Parmi les nombreuses retombées des révélations d’Edward Snowden sur l’espionnage des communications individuelles par des agences gouvernementales américaines figure un litige entre Google et Microsoft d’une part et l’administration fédérale de l’autre. Les deux entreprises bataillent ferme pour obtenir le droit de publier des informations sur les requêtes de surveillance dont elles font et ont fait l’objet. À ce jour, leurs efforts ont échoué, et elles ont décidé de poursuivre leurs efforts devant la justice pour étendre leur droit d’informer leurs utilisateurs sur les demandes reçues de la National Security Agency.
L’enjeu, pour Microsoft et Google, est de taille. La colère des citoyens et des gouvernements espionnés par la NSA ne retombe pas, alimenté régulièrement par de nouvelles révélations sur l’ampleur de ces écoutes illégales, comme celles de ces derniers jours montrant l’invraisemblable espionnage des cercles de conseillers des présidents mexicain et brésilien, pourtant alliés de Washington. Dans cette ambiance délétère, les géants du Net (dont fait partie Microsoft, notamment par le biais de son moteur de recherche Bing) se doivent de se démarquer de l’administration et sauvegarder, autant que possible, le capital de confiance des internautes.
Les espoirs des deux entreprises sont assez limités : tout au plus espèrent-elles pouvoir publier des statistiques un tant soit peu significatives sur les requêtes dont elles font l’objet. Certes, ces statistiques révéleront aussi la coopération des deux groupes avec l’administration. Mais les révélations d’Edward Snowden et les comptes-rendus qui les ont suivies ont souvent pu suggérer que les grands groupes américains actifs sur le Net et dans les télécommunications accordent à la NSA un accès illimité aux données de leurs utilisateurs et clients. L’intention de Google et Microsoft est de remettre les pendules à l’heure sur ce plan : en obtenant de l’administration le droit de publier des chiffres sur les requêtes reçues et exécutées, ainsi que sur leur nature, elles peuvent espérer effacer cette fâcheuse impression. Pour l’instant, Google n’a le droit de publier que des fourchettes très étendues sur le nombre de requêtes qu’elle traite.

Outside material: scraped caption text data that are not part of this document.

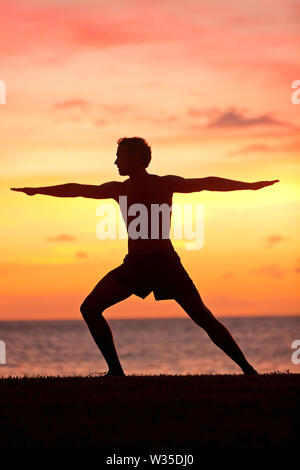 Uomo di Yoga formazione e meditando nella posizione del guerriero pongono al di fuori dalla spiaggia all'alba o al tramonto. Maschio di istruttore yoga che lavora fuori della formazione in oceano sereno paesaggio. Silhouette di modello da uomo contro sun. Foto Stock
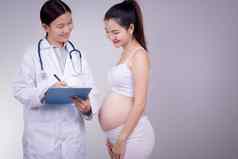 怀孕母亲人医学生育能力概念快乐怀孕了女人医生孕妇医院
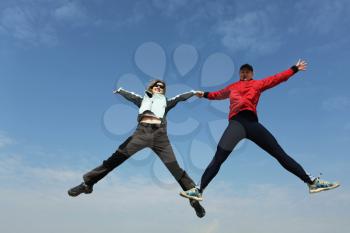 Royalty Free Photo of People Jumping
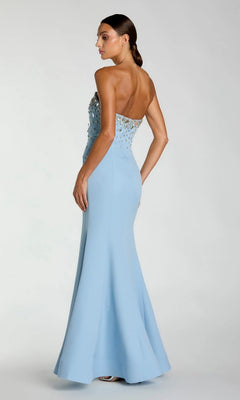 A woman wears the Mac Duggal 56393 long formal dress—a strapless, light blue mermaid gown with a fitted silhouette and intricate beaded detailing on the bodice—standing and looking to the side against a plain background.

Pour l’heure, leurs espoirs ont été trompés. L’administration a surtout cherché à temporiser, pour annoncer il y a quelques jours qu’elle allait elle-même publier, une fois par an, le nombre de requêtes de sécurité nationale portant sur des données clients. Face à l’échec de leurs négociations avec l’administration, les deux entreprises rivales ont décidé de porter l’affaire conjointement devant un tribunal fédéral : elles souhaitent que soient publiées des statistiques plus détaillées,
précisant quand ces requêtes portaient sur des contenus d’utilisateurs, plutôt que des métadonnées telles que les numéros de téléphone appelés ou appelants, ou les émetteurs et destinataires d’emails.
À défaut de faire toute la lumière sur les pratiques de la NSA, ce litige devrait, à terme, permettre de comprendre un peu mieux à quels contenus spécifiques Prism et autres programmes d’espionnage donnent accès,
et dans quelles circonstances la NSA a besoin de faire appel aux opérateurs pour fouiner plus avant. Paradoxalement, il se pourrait bien qu’il révèle qu’en définitive, rares sont les occasions où elle a besoin de la coopération des opérateurs. À vouloir se dédouaner, Google et Microsoft risquent d’enfoncer encore davantage la NSA, ce qui pourrait expliquer la réticence de l’administration à publier des chiffres détaillés sur la cyber-surveillance qu’elle exerce. « Les chiffres de Google montreraient clairement que le nombre des requêtes auxquelles nous donnons droit n’a rien à voir avec ce qui est avancé. Google n’a rien à cacher », a déclaré la firme de Mountain View dans un communiqué. Le conseil de Microsoft, Brad Smith, a lui aussi été catégorique : « Nous pensons qu’aux termes de la constitution américaine, nous avons le droit de partager davantage d’information avec le public », a-t-il écrit sur son blog.